The hatred that I have toward Microsoft is a screaming inferno that wells from the core of my body and projects outward through the cosmos. The heat of this burning anger is not decreased when I am faced with a proprietary Microsoft format that uses the company’s illegal software monopoly to lock out all competition. In this case, I found myself in a position where I had to convert Outlook’s
.msg files into something that the rest of the world can read.
After a little googling, I found that if one had the emails in Outlook on a Windows machine, then Thunderbird could import them directly. So I figured all I had to do was load the
.msg files into Outlook, use Thunderbird to import them, then get them into
mbox format. Using Outlook Express 6, there seemed to be no way to load them into Microsoft’s little virus vector. Double-clicking one of the
.msg files would open it for viewing, and it appeared that one could subsequently save the message to an Outlook folder, but I could not find a way to do it en masse. I also had a password-protected
.pst file, but I managed to get nowhere with that.
At this point I was fuming. I thought Microsoft’s products were supposed to all work wonderfully with each other. Did I need to pay $500 dollars or whatever for a non-”Express” version of Outlook which contained the needed funtionality? The intuitively obvious
File -> Import did not allow one to select files… did I miss some option hidden away in Microsoft’s idiot-proof, user-friendly software?
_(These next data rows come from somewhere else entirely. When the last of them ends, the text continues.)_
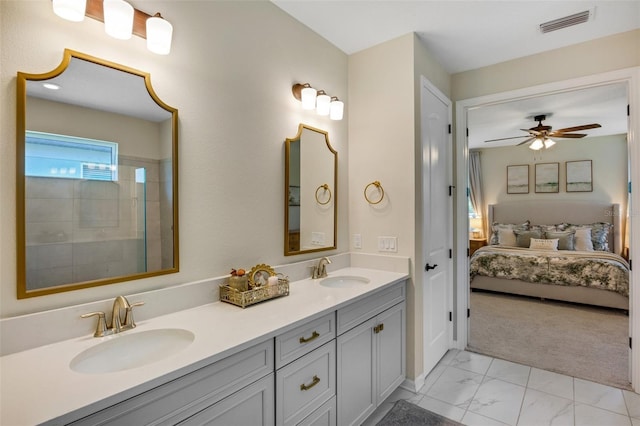 bathroom featuring vanity and ceiling fan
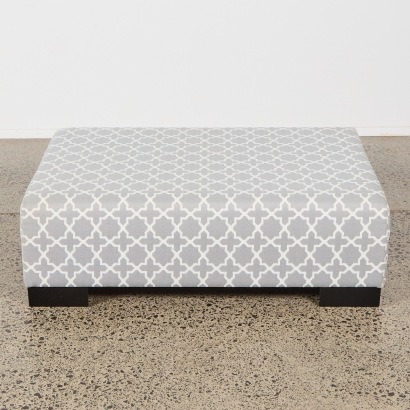 A Moroccan Quatrefoil Grey Ottoman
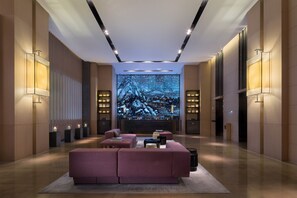 Relax in this stylish living area with a large flat-screen TV, plush sofa, and sleek lighting fixtures.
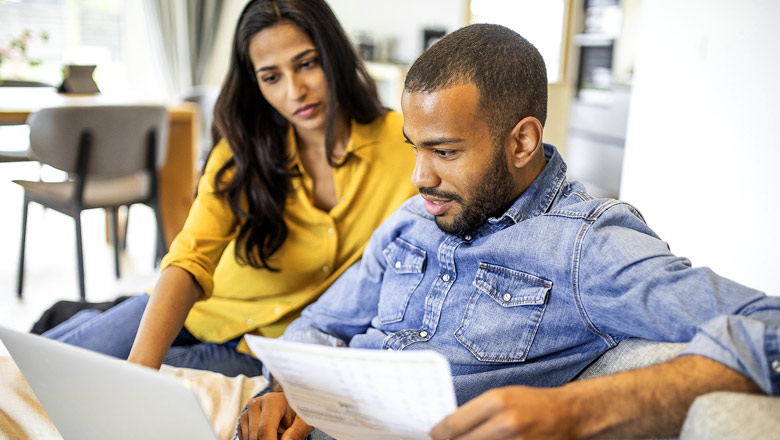 Couple on couch reviewing finances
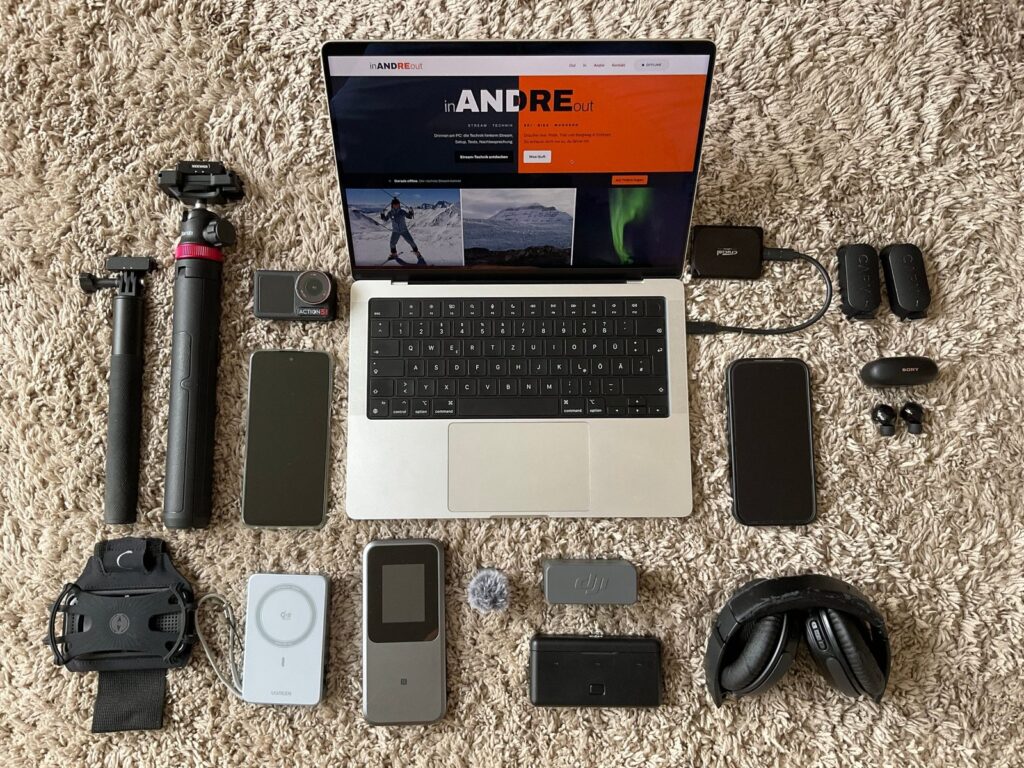 Home Flatlay des mobilen Stream-Setups: MacBook Pro mit der Seite inANDREout, iPhone, Motorola, Action 5 Pro, Mikrofone, Router, Powerbank, Stative und Kopfhörer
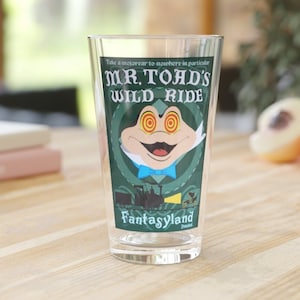 May include: A clear glass with a green, white, and blue graphic of Mr. Toad's Wild Ride from Fantasyland at Disneyland. The graphic features Mr. Toad with his eyes wide open and a big smile.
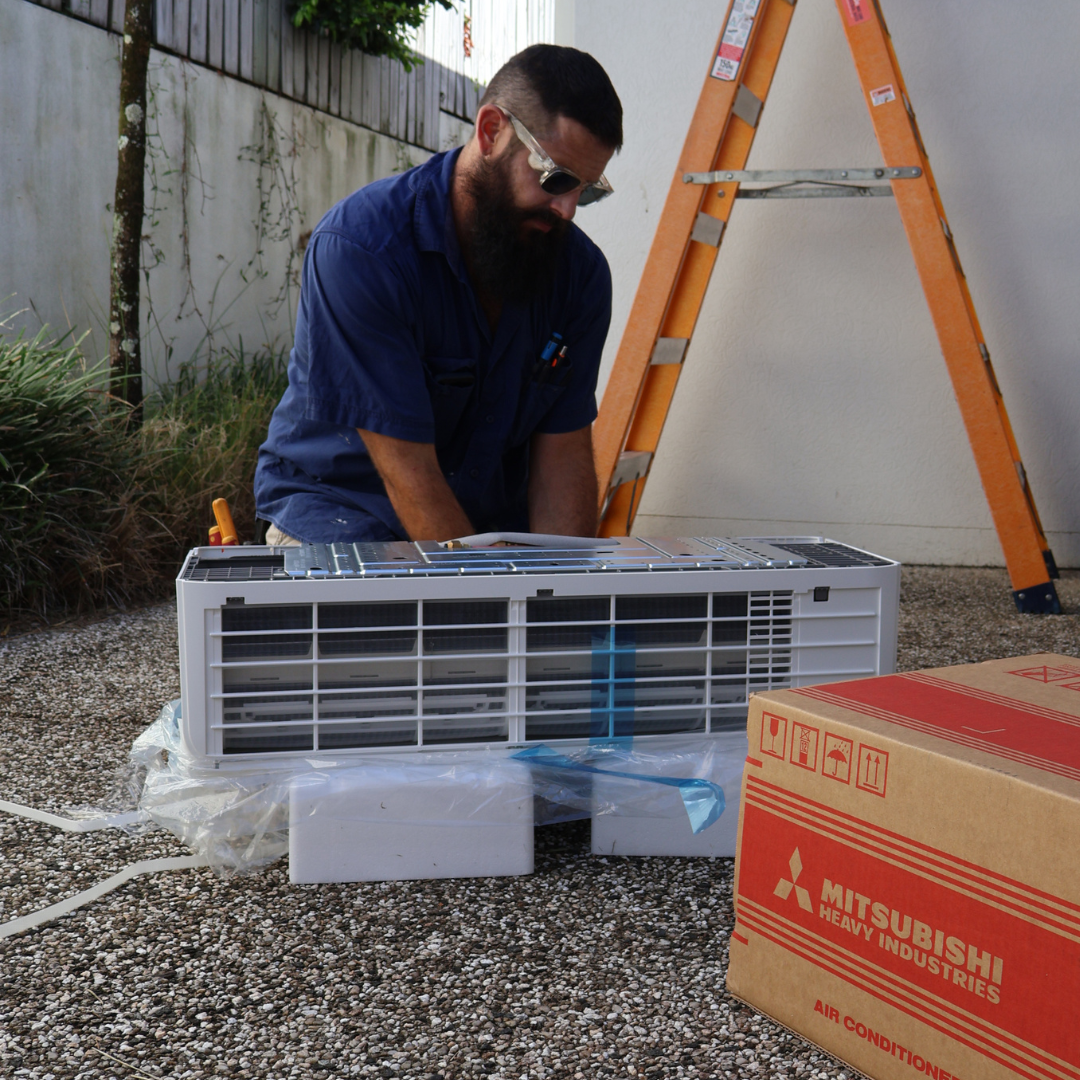 A man in blue work clothes and sunglasses installs an air conditioner outdoors, with a ladder and a cardboard box nearby.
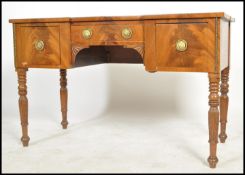 A 19th century mahogany inverted breakfront desk, tooled red leather top above a series of drawers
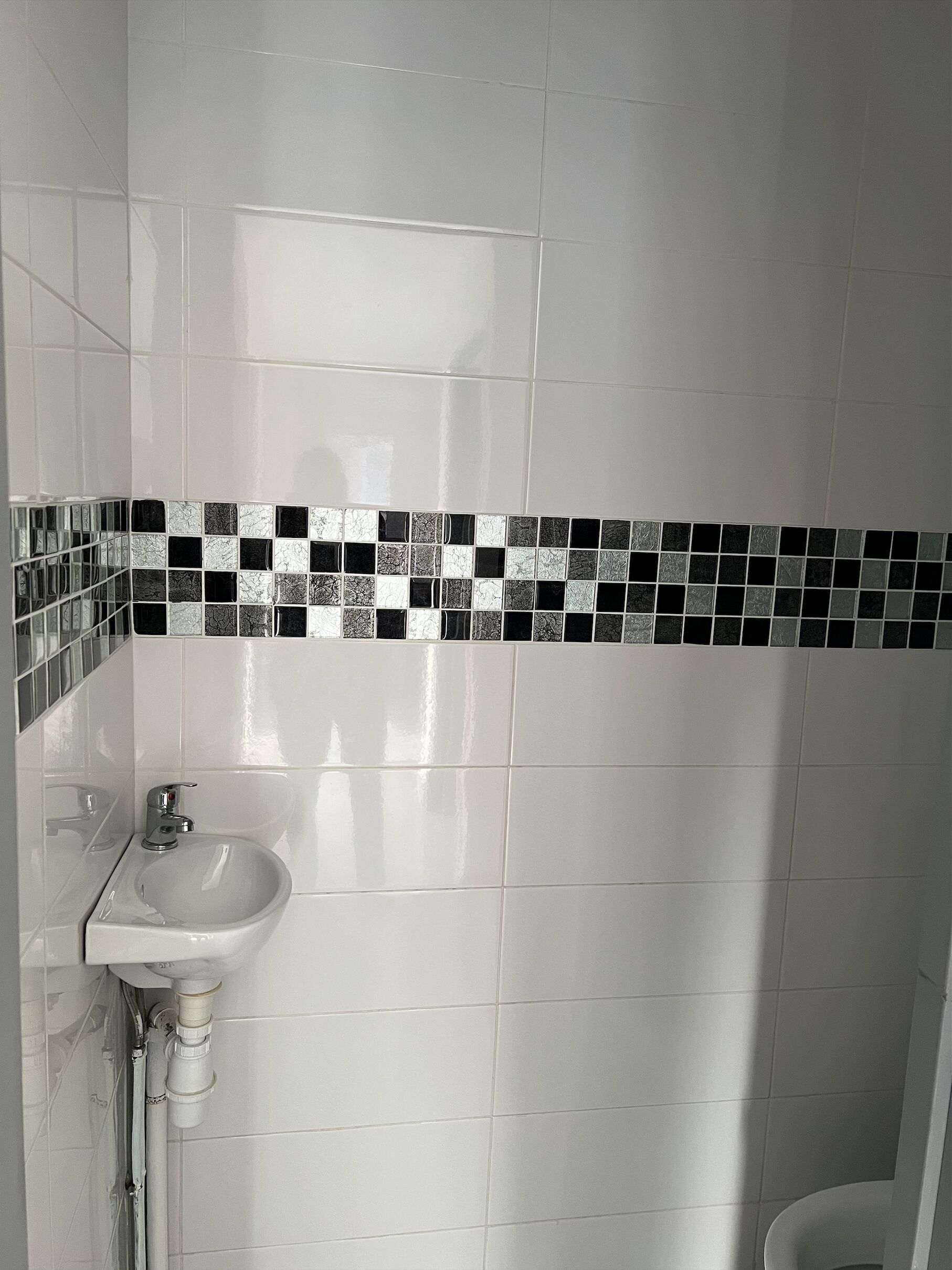 A bathroom with white tiles, a black and white mosaic border, and a white sink with a chrome faucet.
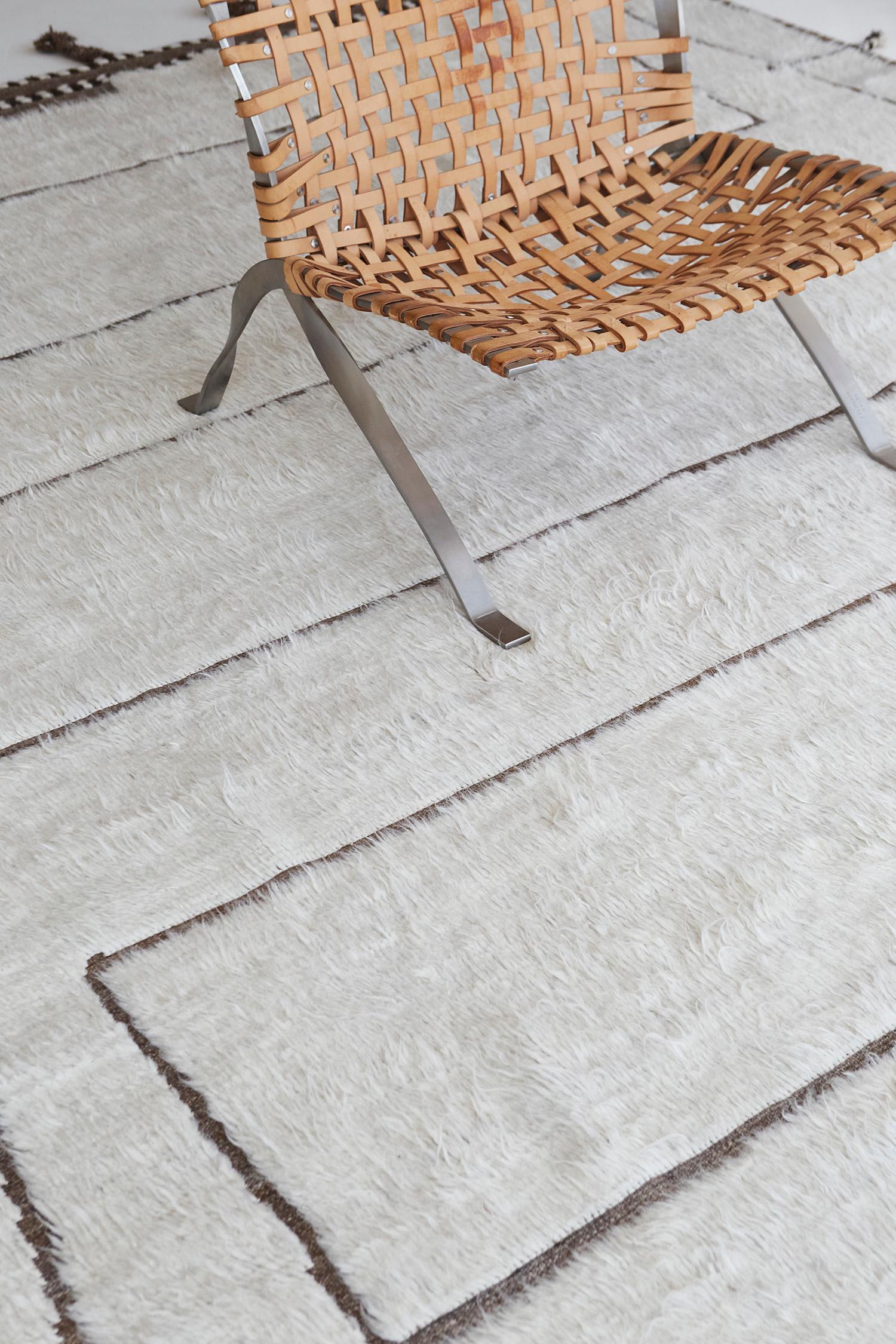The signature collection of California. Handwoven luxurious wool rug, made of timeless design elements and neutral earth tones. Haute Bohemian collection: designed in Los Angeles named for the winds knitting together seasons, trees, dwellers of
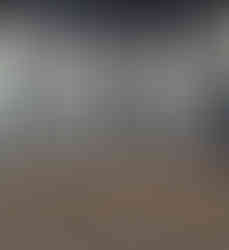 Detail shot of Mrs. VP's classic New Balance 1906R sneakers, essential to her '90s streetwear look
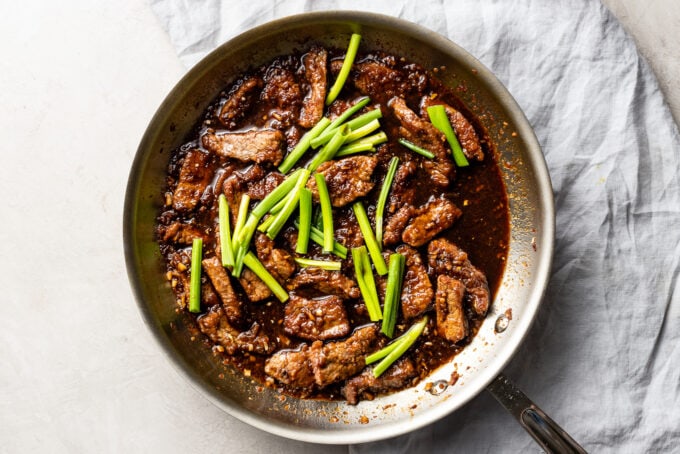 A skillet full of finished Mongolian beef.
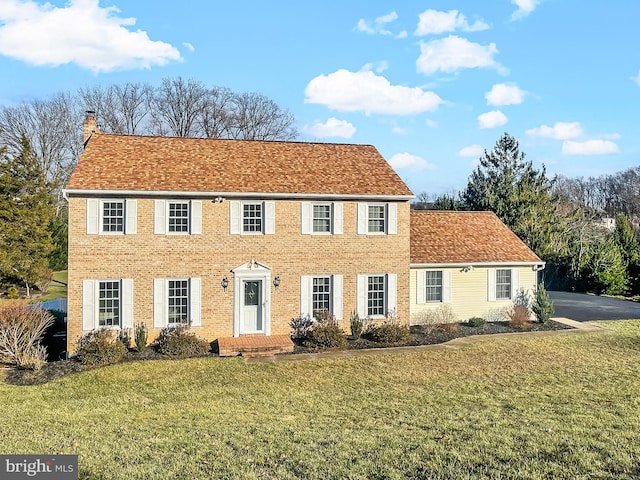 colonial home featuring a front lawn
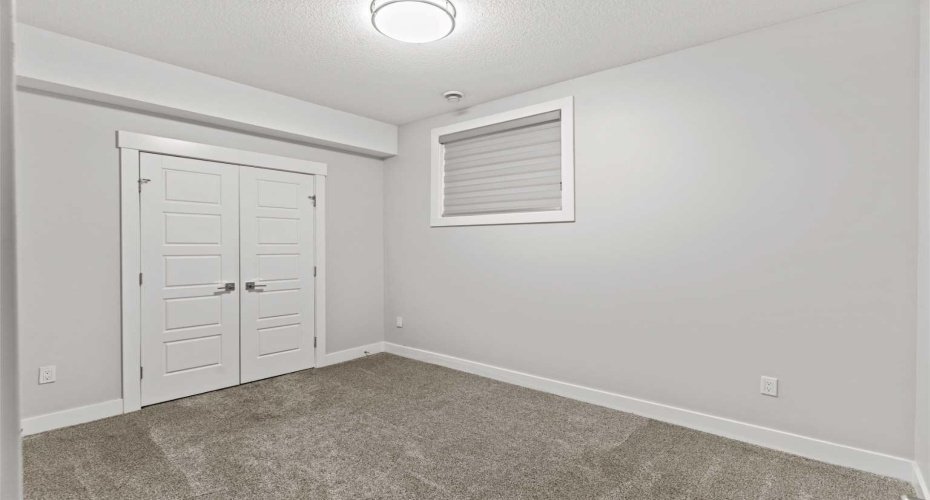 A comfortable basement bedroom featuring a generous closet offers ample storage and a private, versatile space ideal for guests, extended family, or rental use.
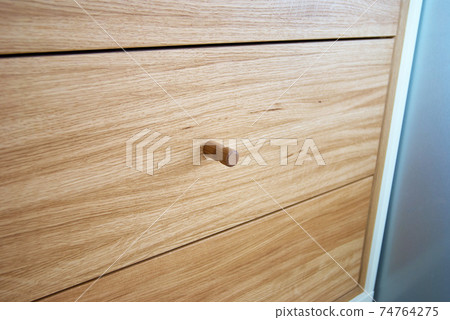Wooden drawers with wooden cylindrical handles close view 74764275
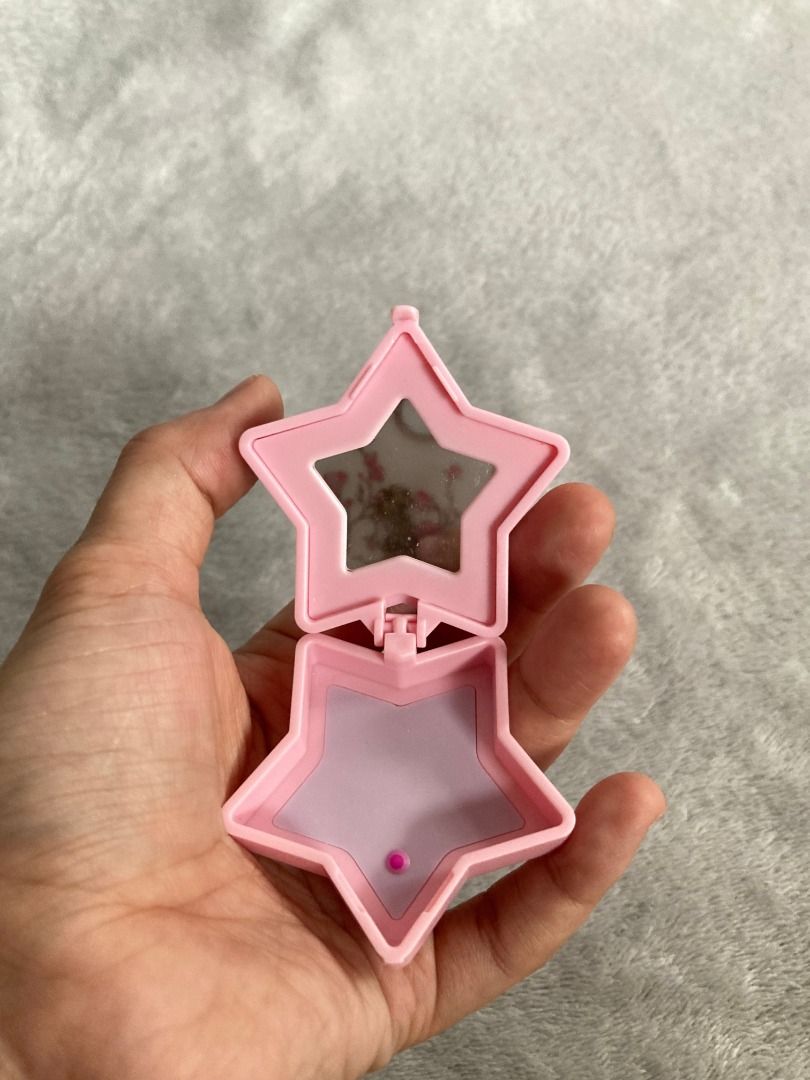 Mini toy containers (Category: Designer & Blind Box Toys) located in Rizal. Submitted by sheeraay (Listing ID 1467704357, Image 3). Description: - Design: Star-shaped pink plastic compact mirror with a secure button fastener - Interior: Features a small mirror on top and a smooth purple base - Portability: Lightweight and pocket-sized, ideal for travel and quick touch-ups - Condition: Clean, well-maintained, and opens/closes smoothly.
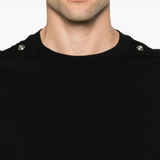 Close up of the black t-shirt, showing texture of the cotton fabric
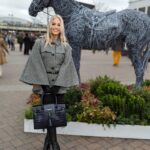Kimberly Wyatt Instagram - Immersed in the captivating world of the Cheltenham Festival, where exquisite fashion, electrifying ambiance, and the sheer brilliance of majestic equine reign supreme! Absolutely adoring my stunning Fairfax and Favor Sienna houndstooth cape, paired with the most incredible quality @fairfaxandfavor boots and gorgeous navy handbag. It’s a pleasure representing such a fabulous fashion brand amidst the magic of Cheltenham! 🐎✨ #CheltenhamMagic #EquestrianElegance #FairfaxandFavorFashion #ad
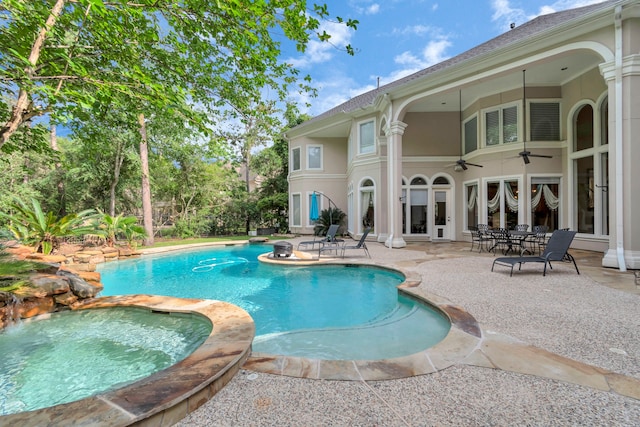 view of pool with an in ground hot tub, french doors, ceiling fan, and a patio area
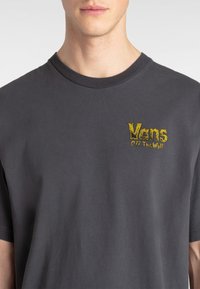 Gray cotton t-shirt with short sleeves, featuring a yellow Vans logo on the left chest area in a textured, distressed font.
I asked a friend for help. Claiming that his “google-fu” was superior to my own, he quickly proved the point by finding a perl program called msgconvert.pl written by Matijs van Zuijlen. Once I installed the program’s dependent modules, I was converting
.msg files left and right. Running the conversion, I got lots of warning messages like:
This MSG file contains Unicode fields. This is currently unsupported.
Unknown property 10F3
foo_email.msg must be an OLE file at ../msgconvert.pl line 732.
Despite these messages, I was able to create an
mbox file that appeared to be valid. I managed to load the file into Thunderbird using the technique described here. Basically, Thunderbird does not explicitly have a way to import
mbox files, but simply closing Thunderbird, dropping an
mbox file into your “Local Folders” folder, and starting Thunderbird will give you what you want. Viewing the emails, I found they looked pretty good – formatting was a bit weird in places, but everything else seemed fine, including attachments.
So in the end, Microsoft can take all their
.msg files, crush them up into a nice big wad, and cram it.